In some circumstances you have the right to withdraw consent at any time by advising us.

Disclosure

Invivo will not pass on your personal data to third parties other than those listed in this notice, without obtaining your consent. The following third parties may receive your personal or special category data for processing purposes. The safeguards for international transfers have been updated to reflect the Standard Contractual Clauses (SCCs) with the UK Addendum where applicable:

Microba PTY LTD – SCCs

Klaviyo – SCCs  

Digital Ocean  - SCC’s  

Optimising IT – UK GDPR  

We share your personal data (such as name, delivery address and contact details) with trusted courier and logistics partners, including Royal Mail, FedEx and UPS, for the purposes of fulfilling and delivering your orders. These partners act as data processors and are contractually bound to handle your data securely and in compliance with data protection law.

Cookies

Note the use of Performance / Analytics Cookies for the purposes described below.

Cookies are small text files sent to your device when you visit a website which are then sent back to the website on each subsequent visit.  

Cookies act as a memory for a website, allowing that website to remember your device when returning. Cookies can also remember preferences and improve the user experience as well as tailor adverts to those most relevant to you.

We use session cookies (which exist only until you close your web browser) and persistent cookies (which exist until their expiry date, or until removed by the user). Some cookies on our website are needed so you can move around the website and use it. These cookies don’t gather information about you that could be used for marketing or remember where you have been on the internet.

Some cookies on our website collect information about how visitors use the website, e.g. which pages visitors go to most often, and if they get error messages from web pages. These cookies don’t collect information that identifies visitors. The information these cookies collect is aggregated and therefore anonymous. It is used only to improve how our website works.

Our website uses Google Analytics cookies. Information collected by these cookies will be transferred to and stored by Google on servers in the USA in accordance with its privacy practices and protected by SCCs.

We may embed photos and videos from websites such as Vimeo and YouTube, or feeds from organisations like Facebook and Twitter. When you visit a page containing these services, you may be presented with cookies from these websites. You may see embedded ‘share’ buttons on some of our pages. These allow you to share content through social networks. When you click these buttons, a cookie may be set by the service you have chosen to share content through. These third-party cookies are not controlled by us.

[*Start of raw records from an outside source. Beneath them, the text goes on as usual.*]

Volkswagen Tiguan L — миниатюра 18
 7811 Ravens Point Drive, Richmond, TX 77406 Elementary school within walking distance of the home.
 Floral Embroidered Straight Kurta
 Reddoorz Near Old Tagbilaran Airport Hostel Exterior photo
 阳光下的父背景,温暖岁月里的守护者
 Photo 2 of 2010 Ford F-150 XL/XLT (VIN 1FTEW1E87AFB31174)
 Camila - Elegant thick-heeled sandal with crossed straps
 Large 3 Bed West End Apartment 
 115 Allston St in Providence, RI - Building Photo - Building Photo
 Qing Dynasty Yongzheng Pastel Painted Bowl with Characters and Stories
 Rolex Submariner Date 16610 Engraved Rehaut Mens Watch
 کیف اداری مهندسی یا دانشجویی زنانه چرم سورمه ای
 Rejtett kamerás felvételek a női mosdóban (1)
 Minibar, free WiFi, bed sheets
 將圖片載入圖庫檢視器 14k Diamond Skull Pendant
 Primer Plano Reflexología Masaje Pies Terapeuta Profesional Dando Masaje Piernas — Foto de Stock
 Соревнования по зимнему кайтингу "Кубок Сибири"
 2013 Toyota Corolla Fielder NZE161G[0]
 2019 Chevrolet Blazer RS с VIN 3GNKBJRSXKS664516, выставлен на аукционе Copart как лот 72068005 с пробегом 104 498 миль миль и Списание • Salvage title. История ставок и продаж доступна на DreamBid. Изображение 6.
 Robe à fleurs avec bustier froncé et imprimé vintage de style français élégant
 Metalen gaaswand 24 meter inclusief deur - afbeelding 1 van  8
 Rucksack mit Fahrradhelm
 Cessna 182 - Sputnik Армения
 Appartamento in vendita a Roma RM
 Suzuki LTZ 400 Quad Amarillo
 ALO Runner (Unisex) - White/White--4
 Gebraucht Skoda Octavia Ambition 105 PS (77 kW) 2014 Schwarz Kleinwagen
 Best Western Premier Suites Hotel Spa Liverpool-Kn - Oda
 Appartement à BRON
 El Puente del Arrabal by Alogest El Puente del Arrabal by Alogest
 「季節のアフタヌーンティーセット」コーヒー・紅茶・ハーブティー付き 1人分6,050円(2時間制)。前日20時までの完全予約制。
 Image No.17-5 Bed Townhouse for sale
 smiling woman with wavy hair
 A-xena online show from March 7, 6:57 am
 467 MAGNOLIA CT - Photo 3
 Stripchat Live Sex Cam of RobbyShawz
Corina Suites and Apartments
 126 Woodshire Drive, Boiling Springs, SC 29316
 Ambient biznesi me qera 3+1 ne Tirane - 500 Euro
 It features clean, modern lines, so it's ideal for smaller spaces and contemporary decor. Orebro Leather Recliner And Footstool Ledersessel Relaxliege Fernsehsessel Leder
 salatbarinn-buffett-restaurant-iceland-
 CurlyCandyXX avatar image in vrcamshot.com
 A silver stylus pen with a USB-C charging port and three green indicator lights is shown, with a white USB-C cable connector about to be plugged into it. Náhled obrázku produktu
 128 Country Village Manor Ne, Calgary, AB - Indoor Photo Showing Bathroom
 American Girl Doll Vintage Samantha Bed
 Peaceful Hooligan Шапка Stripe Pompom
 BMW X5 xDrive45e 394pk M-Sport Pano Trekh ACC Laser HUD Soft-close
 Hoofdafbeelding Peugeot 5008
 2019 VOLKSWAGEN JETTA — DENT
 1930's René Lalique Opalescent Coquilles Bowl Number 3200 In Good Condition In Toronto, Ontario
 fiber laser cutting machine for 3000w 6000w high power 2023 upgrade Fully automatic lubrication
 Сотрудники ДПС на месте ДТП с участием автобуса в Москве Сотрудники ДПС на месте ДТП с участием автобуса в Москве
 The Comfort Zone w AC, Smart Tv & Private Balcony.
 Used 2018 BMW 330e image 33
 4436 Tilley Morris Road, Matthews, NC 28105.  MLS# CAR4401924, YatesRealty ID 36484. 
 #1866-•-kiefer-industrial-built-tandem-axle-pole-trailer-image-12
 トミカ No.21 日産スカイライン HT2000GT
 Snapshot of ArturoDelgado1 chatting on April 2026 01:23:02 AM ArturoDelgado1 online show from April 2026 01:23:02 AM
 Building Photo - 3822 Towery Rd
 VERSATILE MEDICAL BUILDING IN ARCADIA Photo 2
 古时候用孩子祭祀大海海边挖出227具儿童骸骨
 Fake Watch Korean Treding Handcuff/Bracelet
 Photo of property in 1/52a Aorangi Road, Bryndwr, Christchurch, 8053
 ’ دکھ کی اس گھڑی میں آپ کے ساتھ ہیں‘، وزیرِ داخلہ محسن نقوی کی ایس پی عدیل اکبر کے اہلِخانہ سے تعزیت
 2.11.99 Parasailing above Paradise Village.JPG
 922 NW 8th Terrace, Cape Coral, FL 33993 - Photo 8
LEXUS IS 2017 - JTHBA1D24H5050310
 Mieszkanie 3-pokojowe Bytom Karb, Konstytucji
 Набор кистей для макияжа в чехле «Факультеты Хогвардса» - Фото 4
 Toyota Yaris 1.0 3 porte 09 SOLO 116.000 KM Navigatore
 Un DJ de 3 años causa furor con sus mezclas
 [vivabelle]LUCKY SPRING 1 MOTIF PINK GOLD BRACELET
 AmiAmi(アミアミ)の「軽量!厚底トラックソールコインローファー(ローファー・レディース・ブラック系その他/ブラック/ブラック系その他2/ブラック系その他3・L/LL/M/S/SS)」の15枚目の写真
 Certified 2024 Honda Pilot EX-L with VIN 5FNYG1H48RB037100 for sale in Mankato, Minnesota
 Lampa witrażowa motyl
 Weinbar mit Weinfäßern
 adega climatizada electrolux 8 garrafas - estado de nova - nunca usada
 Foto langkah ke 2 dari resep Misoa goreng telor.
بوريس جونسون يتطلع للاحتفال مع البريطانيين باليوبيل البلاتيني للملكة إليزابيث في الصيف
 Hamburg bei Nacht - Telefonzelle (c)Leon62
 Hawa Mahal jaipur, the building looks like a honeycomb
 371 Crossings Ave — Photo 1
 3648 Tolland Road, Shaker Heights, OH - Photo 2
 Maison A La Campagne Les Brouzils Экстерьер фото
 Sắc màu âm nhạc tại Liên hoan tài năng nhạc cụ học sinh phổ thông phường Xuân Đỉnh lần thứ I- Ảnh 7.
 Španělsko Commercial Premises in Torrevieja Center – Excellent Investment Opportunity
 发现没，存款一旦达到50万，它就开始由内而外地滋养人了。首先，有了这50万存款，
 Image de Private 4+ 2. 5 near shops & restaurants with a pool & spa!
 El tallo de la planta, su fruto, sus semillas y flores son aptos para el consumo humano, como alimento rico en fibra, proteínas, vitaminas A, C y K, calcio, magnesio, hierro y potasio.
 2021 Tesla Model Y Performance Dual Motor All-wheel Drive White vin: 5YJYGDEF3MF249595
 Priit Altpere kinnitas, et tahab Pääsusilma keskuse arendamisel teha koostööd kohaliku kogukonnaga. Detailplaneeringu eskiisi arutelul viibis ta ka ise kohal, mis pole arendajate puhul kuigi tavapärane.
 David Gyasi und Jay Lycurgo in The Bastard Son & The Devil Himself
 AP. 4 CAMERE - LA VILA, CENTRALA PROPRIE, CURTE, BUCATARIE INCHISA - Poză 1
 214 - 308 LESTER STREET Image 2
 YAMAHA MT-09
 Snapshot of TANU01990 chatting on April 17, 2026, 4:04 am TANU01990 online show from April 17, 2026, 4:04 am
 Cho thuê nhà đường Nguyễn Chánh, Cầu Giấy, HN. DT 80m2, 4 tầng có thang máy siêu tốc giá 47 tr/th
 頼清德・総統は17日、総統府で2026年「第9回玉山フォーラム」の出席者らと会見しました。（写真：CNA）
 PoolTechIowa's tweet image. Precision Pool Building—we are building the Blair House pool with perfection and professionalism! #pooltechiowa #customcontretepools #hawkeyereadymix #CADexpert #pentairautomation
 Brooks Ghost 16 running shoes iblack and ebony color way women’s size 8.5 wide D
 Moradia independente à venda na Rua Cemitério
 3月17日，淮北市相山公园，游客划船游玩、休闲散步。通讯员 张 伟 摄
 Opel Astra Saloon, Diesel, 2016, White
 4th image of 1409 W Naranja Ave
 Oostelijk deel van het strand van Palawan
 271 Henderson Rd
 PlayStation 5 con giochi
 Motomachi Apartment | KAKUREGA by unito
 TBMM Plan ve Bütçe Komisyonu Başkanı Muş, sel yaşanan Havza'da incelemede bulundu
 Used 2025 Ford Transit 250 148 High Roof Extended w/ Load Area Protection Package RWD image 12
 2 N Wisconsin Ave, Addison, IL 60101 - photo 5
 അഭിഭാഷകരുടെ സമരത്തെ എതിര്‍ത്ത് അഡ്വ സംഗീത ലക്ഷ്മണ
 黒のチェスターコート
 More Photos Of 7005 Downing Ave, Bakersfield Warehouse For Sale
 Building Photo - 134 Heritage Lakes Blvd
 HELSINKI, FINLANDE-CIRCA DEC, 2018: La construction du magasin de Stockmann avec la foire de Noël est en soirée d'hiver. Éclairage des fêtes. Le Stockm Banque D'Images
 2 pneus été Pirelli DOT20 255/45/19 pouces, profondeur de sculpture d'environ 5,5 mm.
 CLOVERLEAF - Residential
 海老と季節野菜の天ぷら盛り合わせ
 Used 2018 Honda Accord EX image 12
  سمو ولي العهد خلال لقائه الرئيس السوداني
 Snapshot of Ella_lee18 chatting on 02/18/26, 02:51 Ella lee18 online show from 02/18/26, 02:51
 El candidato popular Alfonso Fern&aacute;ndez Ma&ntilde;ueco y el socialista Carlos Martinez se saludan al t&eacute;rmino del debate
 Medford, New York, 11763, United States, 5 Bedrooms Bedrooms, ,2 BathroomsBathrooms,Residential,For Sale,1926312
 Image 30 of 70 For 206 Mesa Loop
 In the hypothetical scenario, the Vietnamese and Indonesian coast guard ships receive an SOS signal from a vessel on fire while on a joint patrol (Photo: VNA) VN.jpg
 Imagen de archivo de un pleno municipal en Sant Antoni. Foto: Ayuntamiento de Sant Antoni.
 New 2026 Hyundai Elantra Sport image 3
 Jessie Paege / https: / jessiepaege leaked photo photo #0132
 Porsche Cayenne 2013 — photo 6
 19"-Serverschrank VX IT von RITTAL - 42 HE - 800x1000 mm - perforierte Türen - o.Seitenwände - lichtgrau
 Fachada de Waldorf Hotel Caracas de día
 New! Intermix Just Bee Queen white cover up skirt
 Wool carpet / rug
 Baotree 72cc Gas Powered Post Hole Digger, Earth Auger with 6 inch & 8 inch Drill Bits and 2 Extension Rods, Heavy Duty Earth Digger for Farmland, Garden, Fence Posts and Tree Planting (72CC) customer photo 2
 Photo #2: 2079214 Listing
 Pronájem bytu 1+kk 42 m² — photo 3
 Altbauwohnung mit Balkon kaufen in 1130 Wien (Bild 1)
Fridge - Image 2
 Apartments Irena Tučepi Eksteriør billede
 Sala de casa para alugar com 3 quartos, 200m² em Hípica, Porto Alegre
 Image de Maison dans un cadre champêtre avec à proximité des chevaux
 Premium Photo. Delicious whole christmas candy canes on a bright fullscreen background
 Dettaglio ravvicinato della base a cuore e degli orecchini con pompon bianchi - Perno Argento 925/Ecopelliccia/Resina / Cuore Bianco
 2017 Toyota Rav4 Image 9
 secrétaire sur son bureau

For further information about their use, please visit the relevant third-party website.

Please be aware: if you refuse or disable cookies, this website will not work as it should. Disabling a cookie or category of cookie does not delete the cookie from your browser; you will need to do this yourself from within your browser.

If you are using a recent version of Google Chrome, you can see the specific cookies that are being used by this site (and any site) by clicking on the secure padlock to the left of the web address in the browser window, or—if the site does not have a secure padlock—then the (i) information icon.

Learn more about cookies

To find out more about cookies in general either search in Google or visit aboutcookies.org or allaboutcookies.org.  

A guide to behavioural advertising and online privacy has been produced by the internet advertising industry which can be found at www.youronlinechoices.eu. The guide contains an explanation of the Internet Advertising Bureau’s self-regulatory scheme to allow you greater control of the advertising you see.